## MATERIAL PROVIDED:
# # #
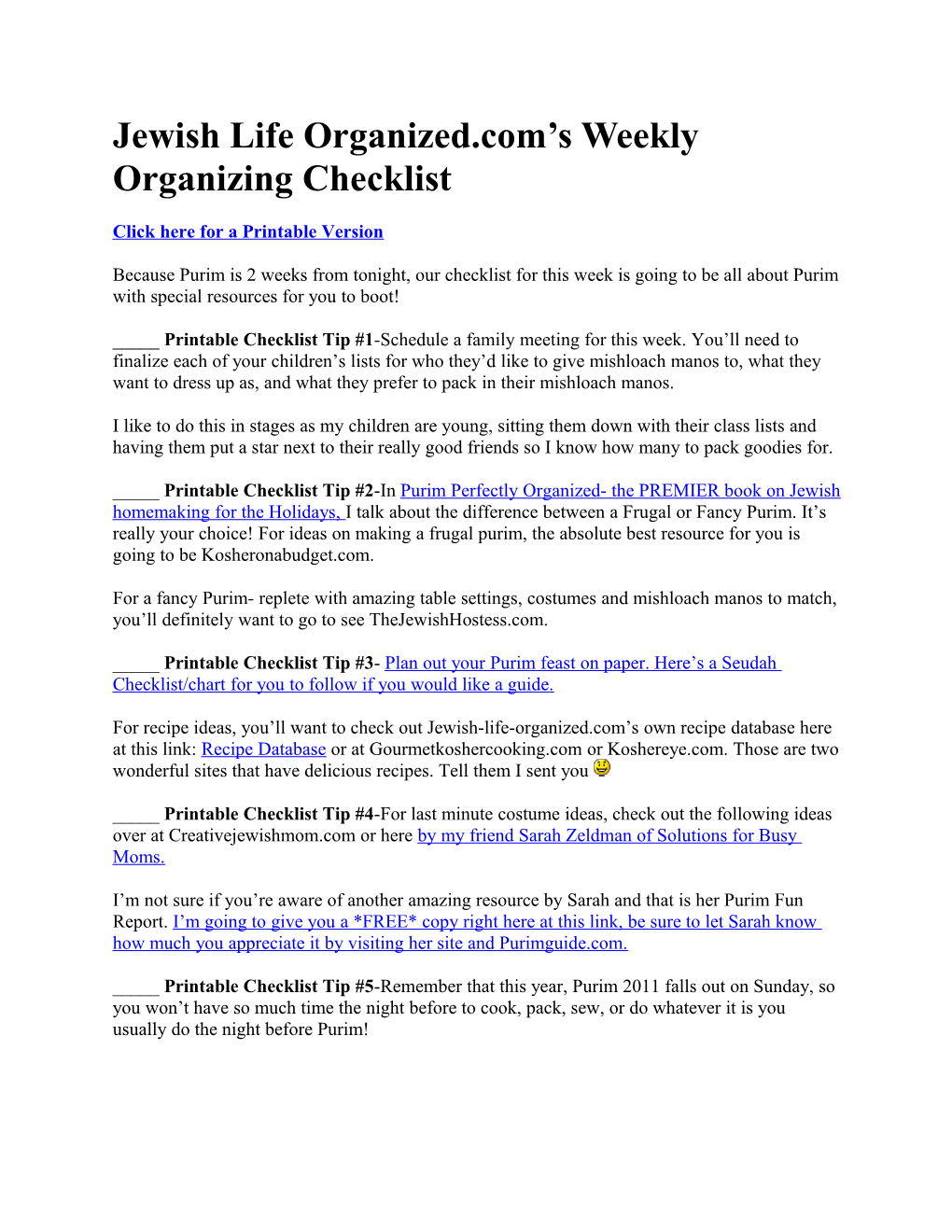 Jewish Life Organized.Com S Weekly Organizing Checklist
# # #
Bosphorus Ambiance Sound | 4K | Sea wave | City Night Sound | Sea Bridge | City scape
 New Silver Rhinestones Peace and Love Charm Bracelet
# # #
Leave out every line above except those from the line with "Bosphorus Ambiance Sound" up to and including the line with "New Silver Rhinestones", and copy those exactly.

## RESULT OF THE EXERCISE:
Bosphorus Ambiance Sound | 4K | Sea wave | City Night Sound | Sea Bridge | City scape
 New Silver Rhinestones Peace and Love Charm Bracelet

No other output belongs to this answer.